It would be great if they simply left, but I doubt they will. Handcuffing the next Democratic POTUS by making a rule that “the POTUS can’t interfere in the DOJ because politics” only plays into the hands of the Republicans, and will make it even harder to remove those Trump appointees. That’s what I meant.
I’m not really sure anything else can be done - recent Supreme Court decisions seem to have established that there is no way for Congress to create a truly independent agency other than the Federal Reserve.You can say an agency is independent , but it really isn’t if the president can fire Bondi and Blanche. States and counties/municipalities often keep prosecution and some other functions independent by having a multiple executive system where the Attorney General/county prosecutor is independently elected. (Sometimes the chief fiscal officer is also independently elected. ) But that would require a constitutional amendment - and I’m not at all certain that’s a realistic hope.
They might be, if the next Democrat is the sort to hesitate about taking decisive action when needed because of the old fashioned theory of “it just isn’t done that way”. It’s happened before (see Joe Biden and Merrick Garland) and it could happen again.
It’s tough to fix anything with more laws when the root of the problem are people abandoning norms, ignoring existing laws, and all three branches abrogating their responsibilities. Laws are written with the assumption you have a group of sane, responsible people governing.
Exactly. And getting those people (the ones abrogating their responsibilities) to change their minds and start behaving responsibly is almost certainly impossible. Therefore the only way to begin fixing things is to remove from power the people that broke it in the first place. Once they’re removed, we can then talk about which types of technicians are needed to fix the specific damage that has been done, but until that happens we’re stuck at square zero.
Read what has actually been written. It will not be, cannot be, such a simplistic solution. I’m advocating a complete redesign of the whole mess. Hell, if I thought it had any chance of happening, I’d advocate a complete redesign of the entire system of government in the US. Your whole system was built on a flawed foundation, and that foundation is now completely rotted, to boot.
I agree but the problem is fixing this system would mean the people currently in power, who broke it, would be those trying to fix it. I think you can see the problem with that.

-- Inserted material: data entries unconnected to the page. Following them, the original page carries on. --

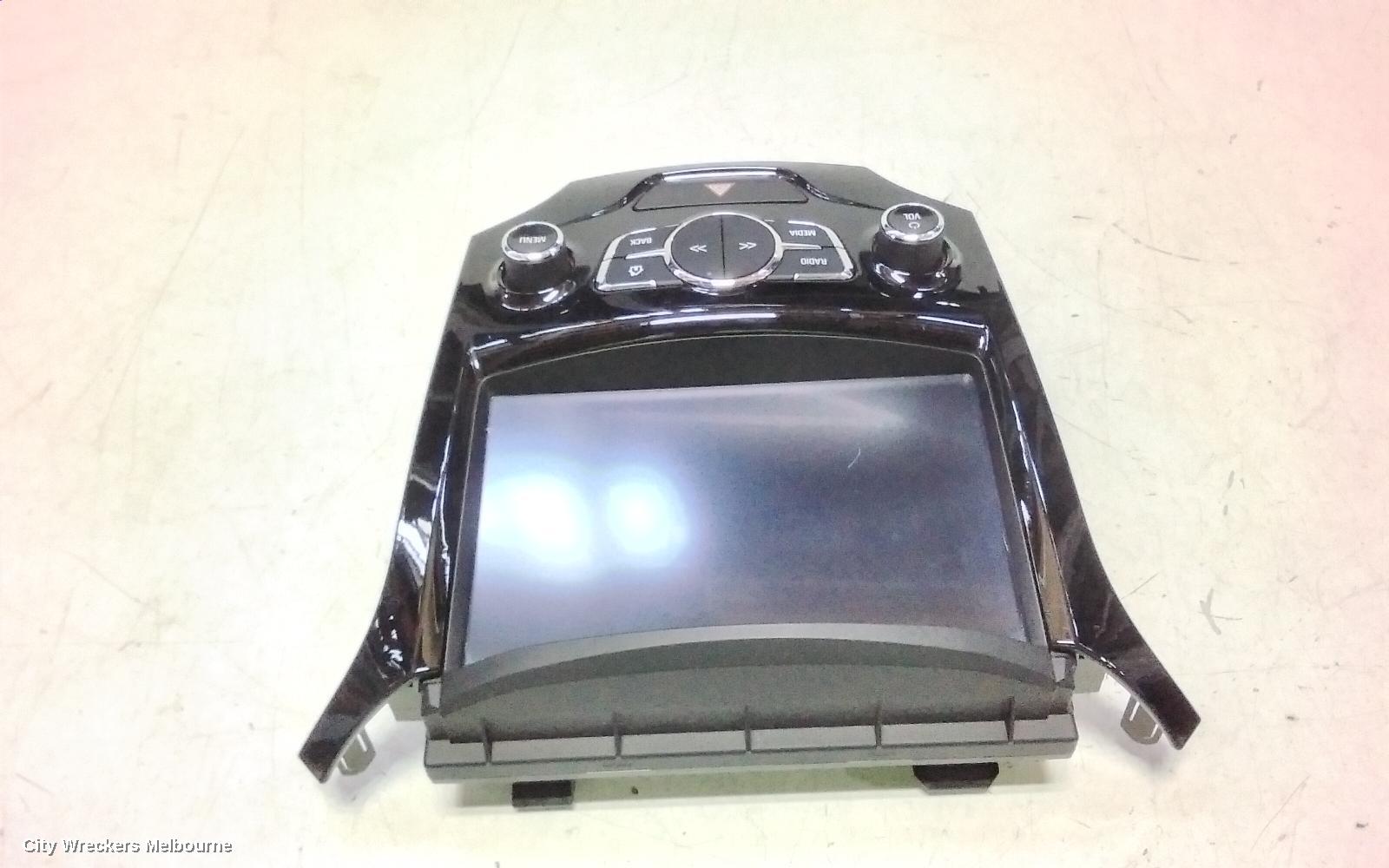 HOLDEN ASTRA RADIO/CD/DVD/SAT/TV, HEAD UNIT, W/ DISPLAY UNIT, 8IN TOUCHSCREEN, SAT NAV TYPE, BK-BL, 09/2016 - 12/2020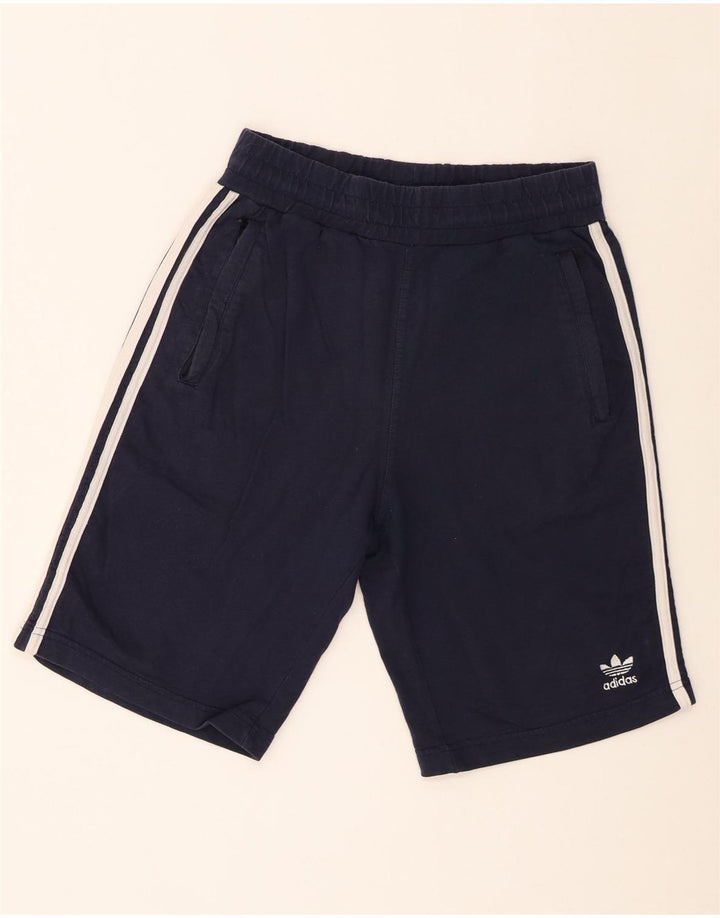 Pantaloni scurți sport pentru bărbați Adidas, bumbac mediu, albastru bleumarin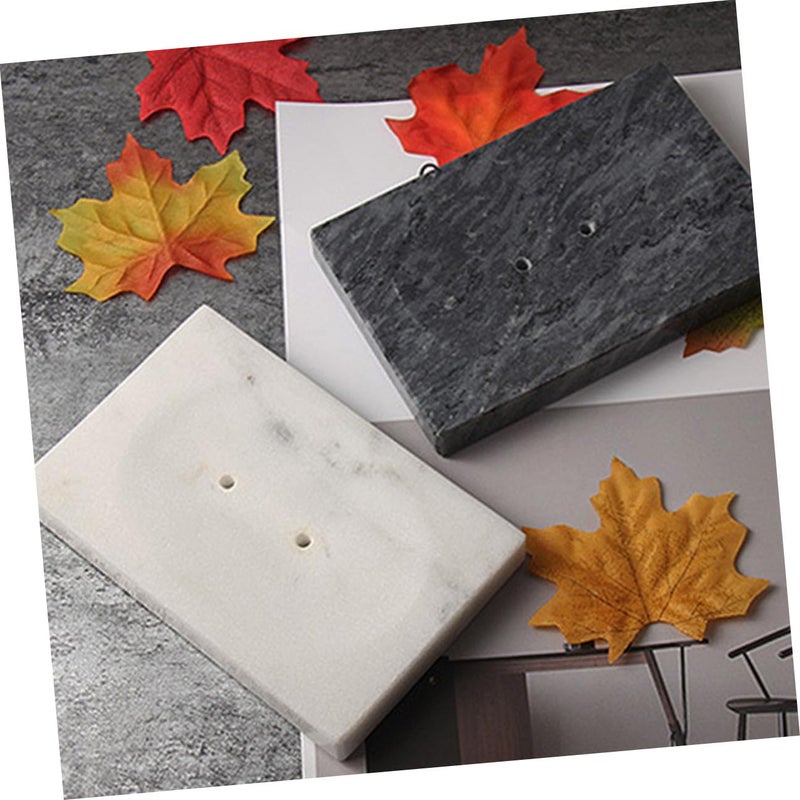 Marble Soap Dish Holder with Drain for Shower and Sink - Image 5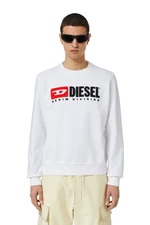 Diesel Sweatshirt - S-GINN-DIV SWEAT-SHIRT white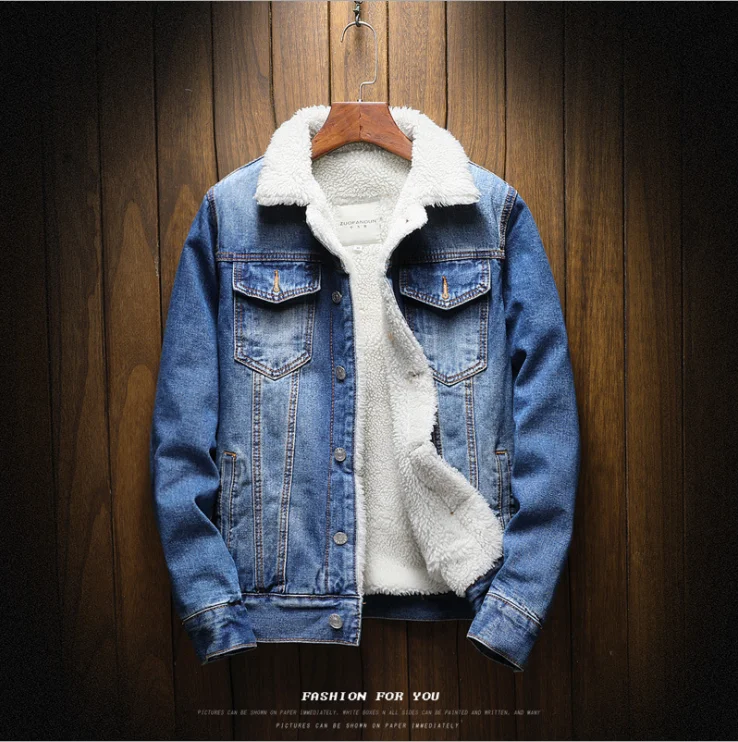Trendy Warm Cowboy Winter Jaket Chaquetas Hombre Fur Denim Jacket Men, Customized color
Trendy Warm Cowboy Winter Jaket Chaquetas Hombre Fur Denim Jacket Men, Customized color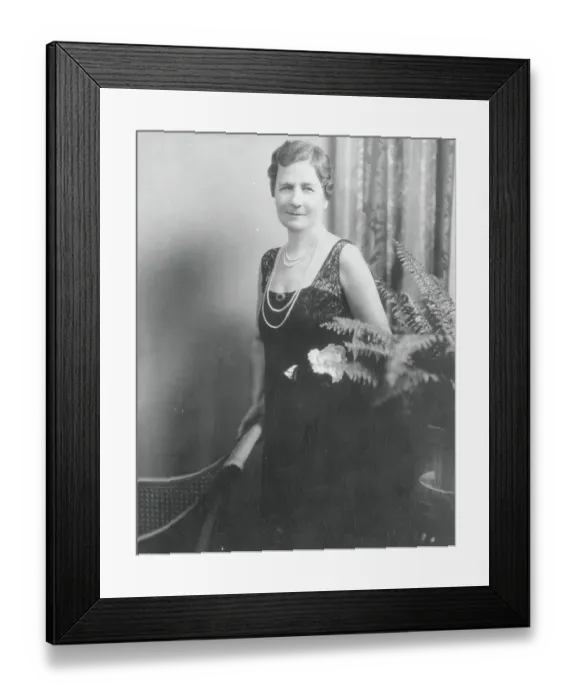 Framed Print : Portrait of Mrs. John Nance Garner Framed Print : Portrait of Mrs. John Nance Garner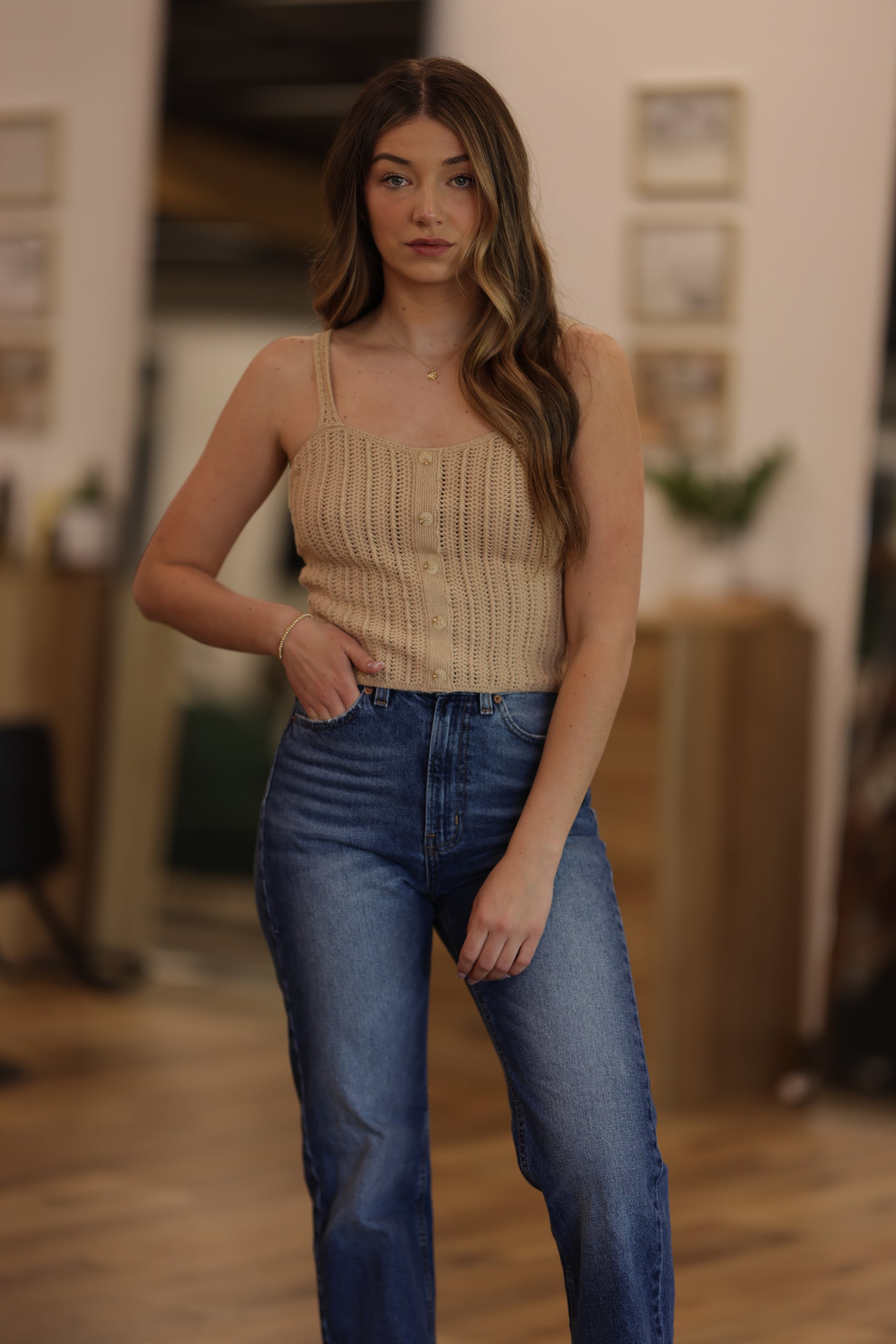 Iris Button Down Knit Cami - More Colors!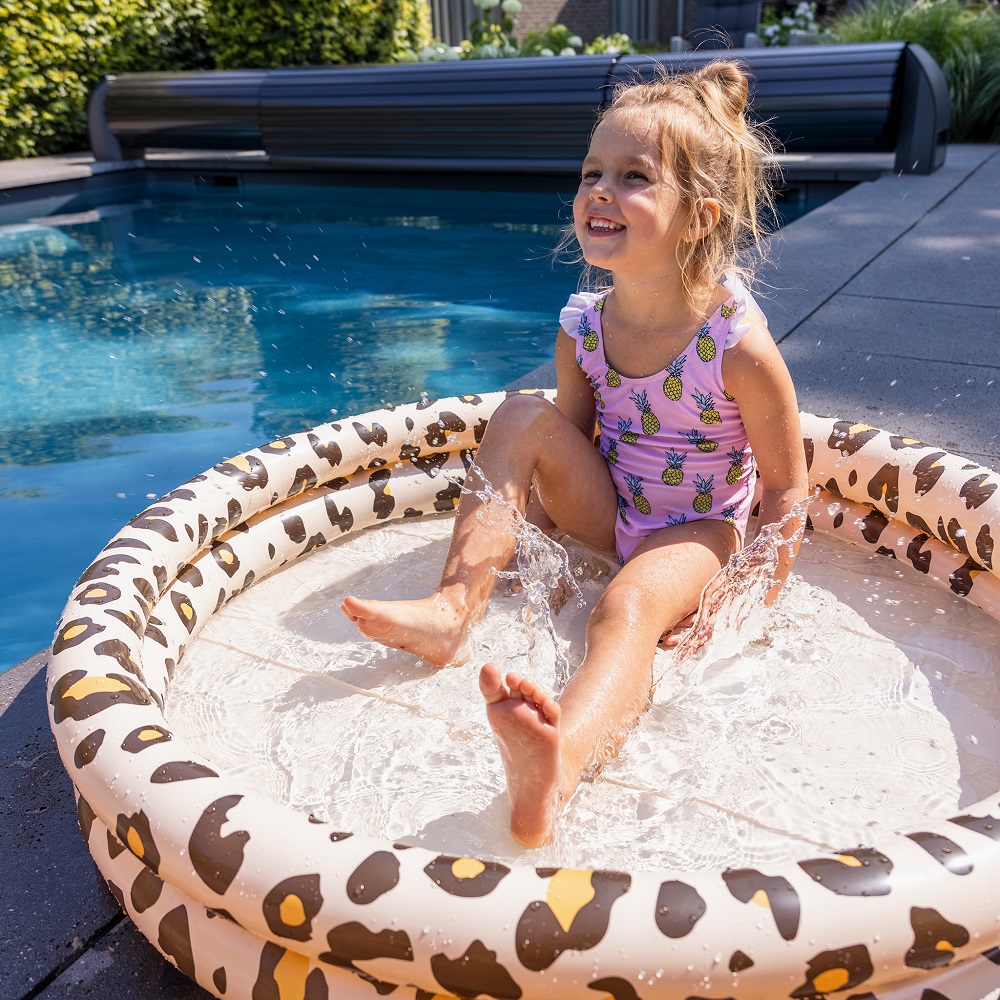 Uppblåsbar barnbassäng Swim Essentials Beige Leopard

The alternative is probably a violent process and that is likewise terrifying.
I’ve been wondering about a Presidential Code of Conduct. Breaches of the Code could be used as evidence for impeachment. The code would consist of fairly mundane, non-controversial things of the type that previous Presidents abided by anyway. Stuff like not using the office for personal enrichment, divestment from businesses and use of blind trusts, not renaming federal property or installing personal branding, not using federal resources for private business interests, not interfere with criminal investigations and prosecutions. Other stuff too but that’s the general idea. It would be deliberately fairly bland so that Republicans can’t disagree with any of it
Wouldn’t really matter - whether Republicans disagree witht the code or not, you have to have a House willing to impeach and a Senate willing to convict. Which is really the current problem more than the president’s behavior - at least part of the reason he didn’t do these things in his first term was becasue he wasn’t emboldened by the SC decision giving him immunity and the knowledge that the Senate acquitted him after he was impeached for Jan 6
Absolutely anything can be used as grounds for impeachment. Didn’t like his tie could be grounds for impeachment. It is not a law, it is a political process and it can be whatever congress wants it to be at that time. In general congress should be able to point to things more important than a lousy tie but they can do what they like here.
And the current reality is there is no way to get 2/3 of congress to impeach and then convict. I honestly wonder if congress would manage to impeach/convict Trump if he nuked New York (that would probably be sufficient but even that I cannot say for sure).